Впереди высокомерно ступала королева Скара – с горделиво поднятой головой и копной-облаком черных волос. Заря высекала огонь из красного камня на обручье, из самоцветов на серьгах, сверкала на кольчужной накидке – королева явилась в полном боевом облачении: на боку кинжал, а под рукой шлем с позолотой. Рэйт шел следующим, свесив голову, откованный Рин меч покоился в вырезанных Коллом ножнах – смотрелись они, надо сказать, превосходным образцом его мастерства.
Рин сама себя превзошла. Скара казалась истинной королевой-воительницой, пускай и была нелепо худой для ратных занятий, а такая прическа оказалась бы роковой помехой в настоящем бою. Доспешно позвякивая, королева маршировала между представителями Ванстерланда и Гетланда, не удостаивая себя взглядами ни вправо, ни влево, и воины топали вслед за ней.
Улыбка матери Скейр испарилась. Ее слямзил у служительницы отец Ярви. Обмякнув изрубцованной рожей, на юную королеву таращился Гром-гиль-Горм. Король Атиль на волосок приподнял брови. Настолько изумленным Колл его прежде не видел.
Сестра Ауд и Синий Дженнер уселись по обе стороны от королевы Скары, но она не коснулась Бейлова престола, бросила на стол позолоченный шлем и уперла свои железные кулачки. Позади полукругом встали воины. Рэйт опустился на колено, сдвинул меч и протянул его вперед рукоятью.

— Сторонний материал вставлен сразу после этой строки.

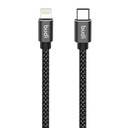 КАБЕЛЬ ДЛЯ ЗАРЯДКИ ТЕЛЕФОНА BUDI STRONG USB-C ДЛЯ LIGHTNING 3M BRAID PD 20W
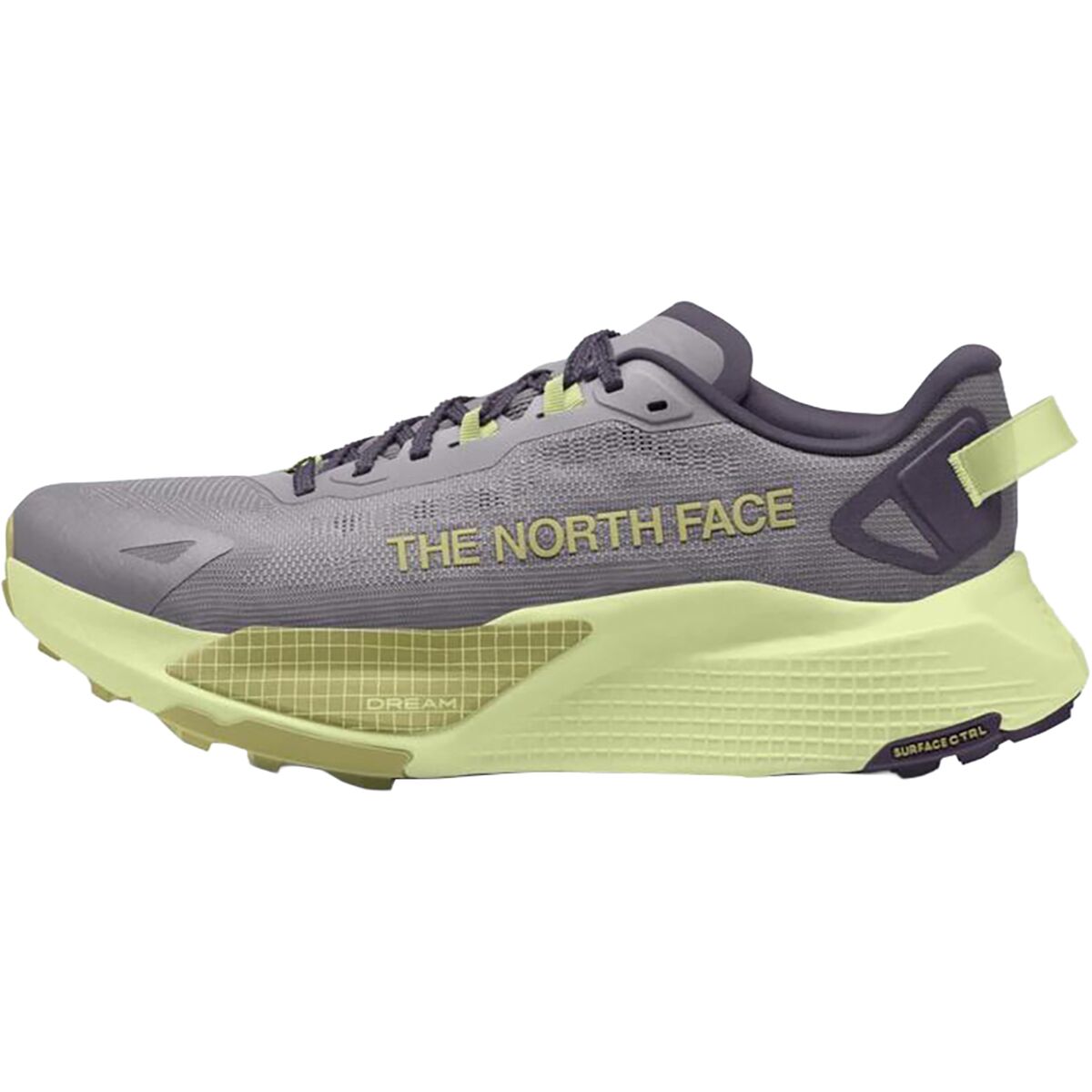 The North Face Women's Altamesa 500 V2 Trail Running Shoe in Transcendent Grey / Pear - Size:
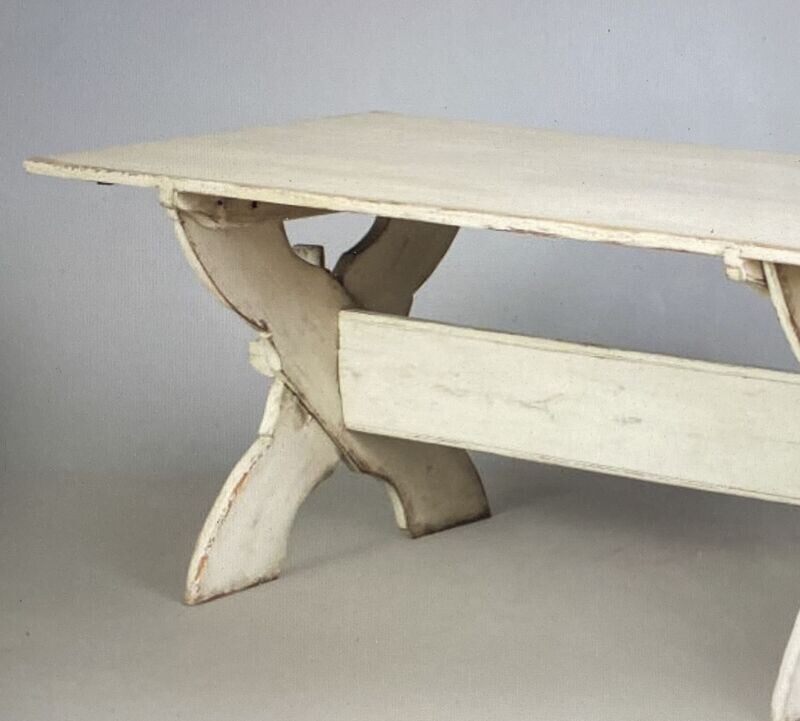 Swedish dining table from the 19th century
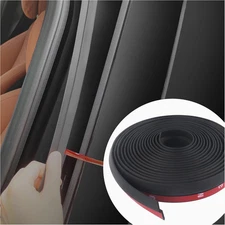 13Ft Automotive Weather Stripping,Super Flexible Z-Shaped Rubber Seal Strip for 
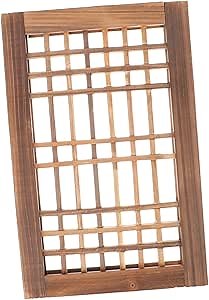 ADOCARN Window Frame Wall Art Vintage Decor Vintage Window Frame Rustic Window Wall Decoration Decorative Window Frames Country Wall Window Decor Wood Frame Grid Flower Stand Wooden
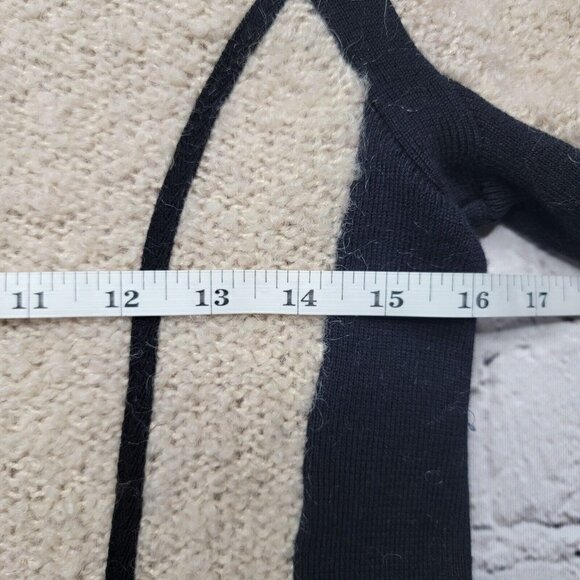 Anthro Sparrow Wool Blend Cream Black Accent Full Zip Jacket Size XS - Picture 12 of 13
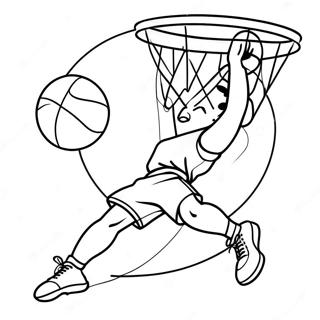 Ekscytujaca Akcja Slam Dunk Kolorowanka 51255-42694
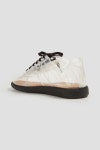 MAISON MARGIELA Perforated PU sneakers | THE OUTNET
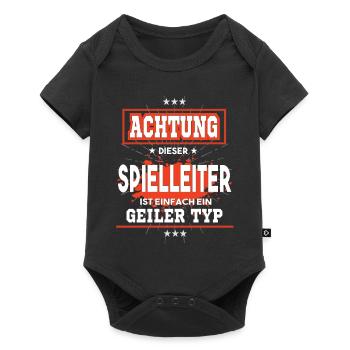 Spielleiter ist einfach ein geiler Typ T-Shirt - Baby Premium Kurzarmbody - Schwarz - Vorne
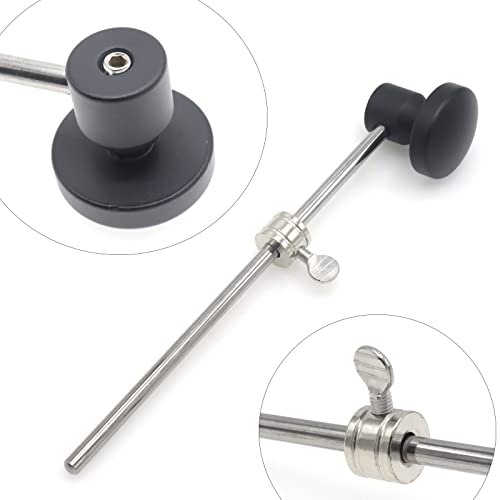 Cheerock 2Pcs Bass Drum Beaters, Bass Drum Pedals Beater, Black Aluminum Alloy Hammer Head Beaters Accessory for Percussion Instruments, Drum Accessories - Thumbnail 4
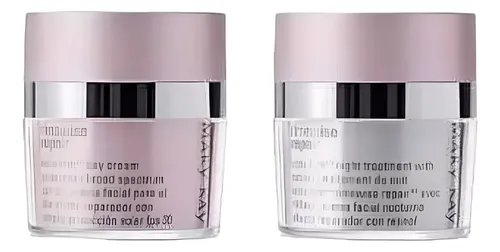 Cremas Día Y Noche Repair Volu Firm Los 2 Productos Antiedad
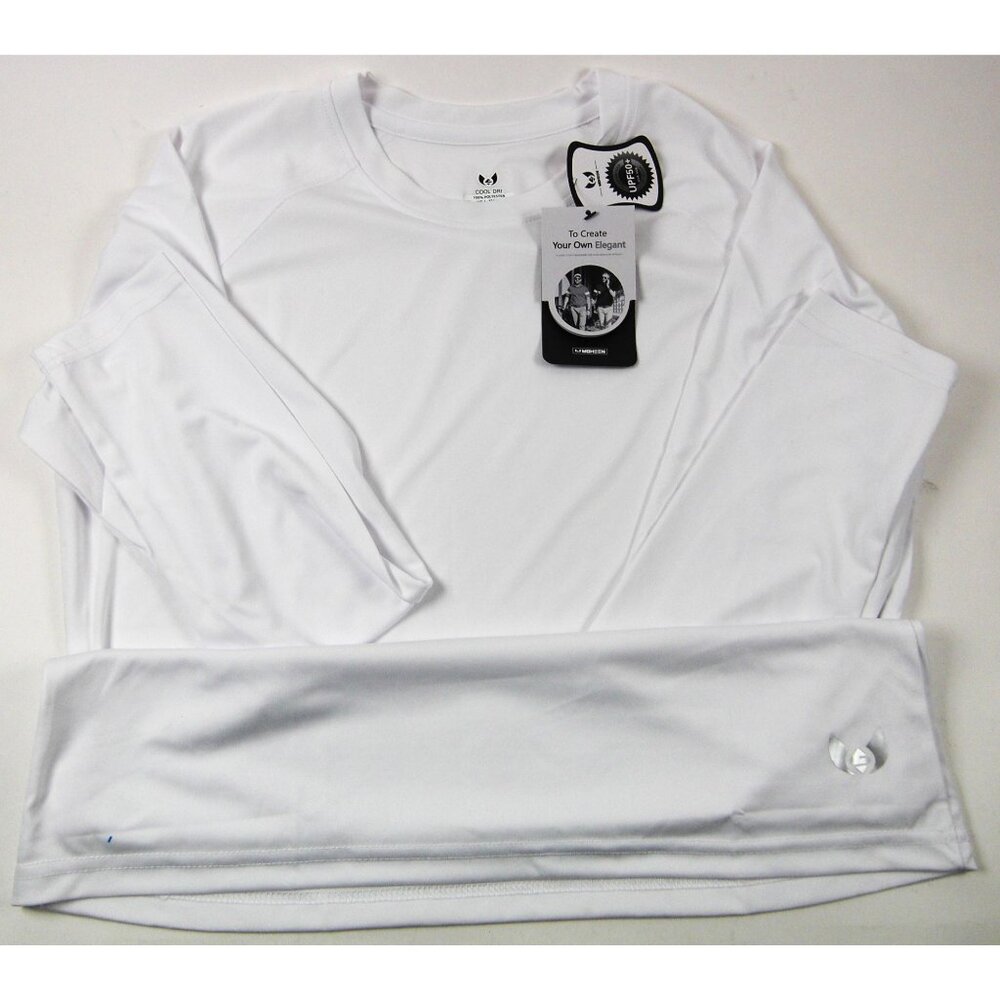 Mens Short Sleeve Size L Performance T-Shirt Quick Dry UPF 50+ Athletic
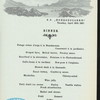 SPEISENFOLGE [held by] NORDDEUTSCHER LLOYD BREMEN [at] "SCHNELLDAMPFER ""HOHENZOLLERN""" (SS;)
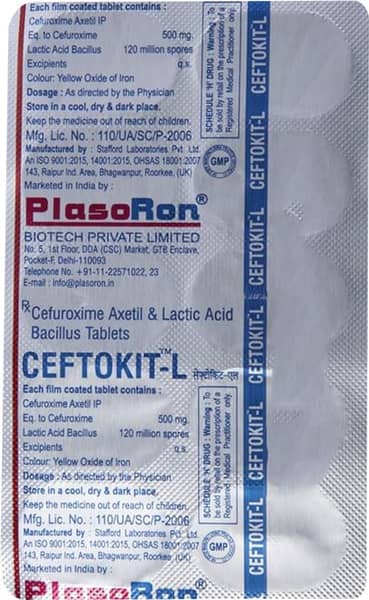 Ceftokit L Tablet 10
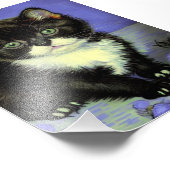 Van Gogh Tuxedo Kitten Foto Afdruk (Hoek)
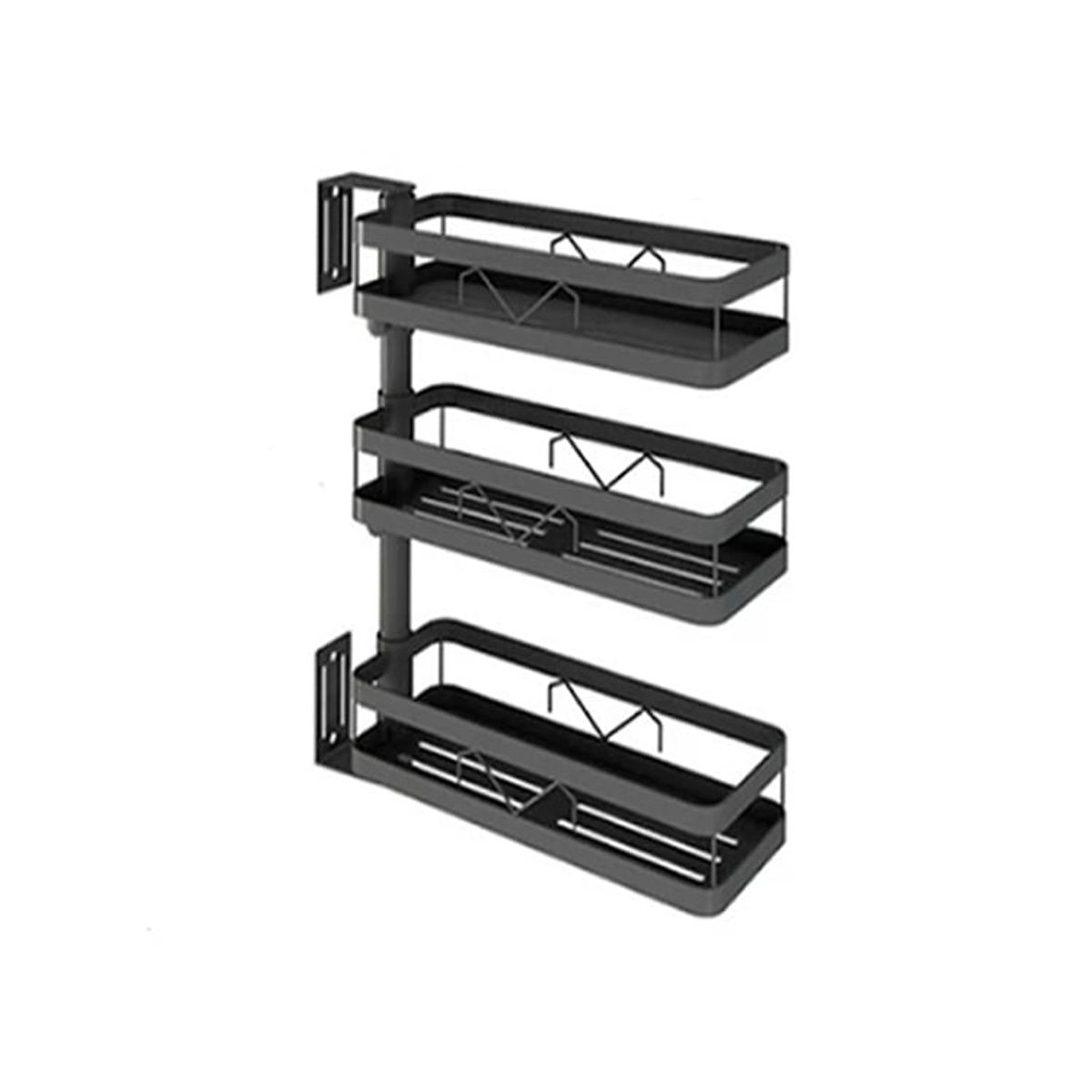 DEWINNER - Estante colgante organizador rotatorio 3  niveles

Все знали, что Скара ни за что б не вынула этот клинок из ножен. Чистая постановка, почти чудачество. Почти, но не совсем. Ибо над ними во всю стену раскинулось полотно, где победоносная Ашенлир, простоволосая и одетая в кольчугу, принимала меч у коленопреклоненного оруженосца, и Колл глазел то на королеву из преданий, то на королеву из жизни – и завороженно осознавал их сходство.
Улыбка отца Ярви расплылась:
– О, вот это здорово.
Мать Скейр не настолько воодушевилась.
– Обставить свое появление вы любите, – проговорила ехидно.
– Простите, – молвила Скара. – Я готовилась к бою. – Да, королева низенькая и худощавая, зато голос – как у отважного витязя. Последнее слово она пролаяла со свирепостью самой Колючки, и даже мать Скейр заметно вздрогнула.
Колл наклонился к отцу Ярви:
– Думаю, теперь она здесь.
– Союзники! – воскликнула Скара, среди тишины голос зазвенел ясно и проникновенно, словно она отродясь повелевала солдатами. – Мои дорогие гости. Короли, служители и воины Ванстерланда и Гетланда!
Рэйт отважился наскоро пробежаться по тем, кого всегда числил в друзьях. Крушитель Мечей не сводил глаз со Скары, зато мать Скейр смотрела прямо на Рэйта. С таким исступлением ярости он сталкивался впервые, хоть прежде служительница не раз стервенела, как Смерть. Губы Сориорна кривила ненависть. Но вправду невыносимым оказался лишь один взгляд – Рэкки. Безгневный, беззлобный – разочарованный. Так смотрит тот, кого предал самый близкий. Рэйт потупился в пол, дыхание хрипло змеилось в глотке.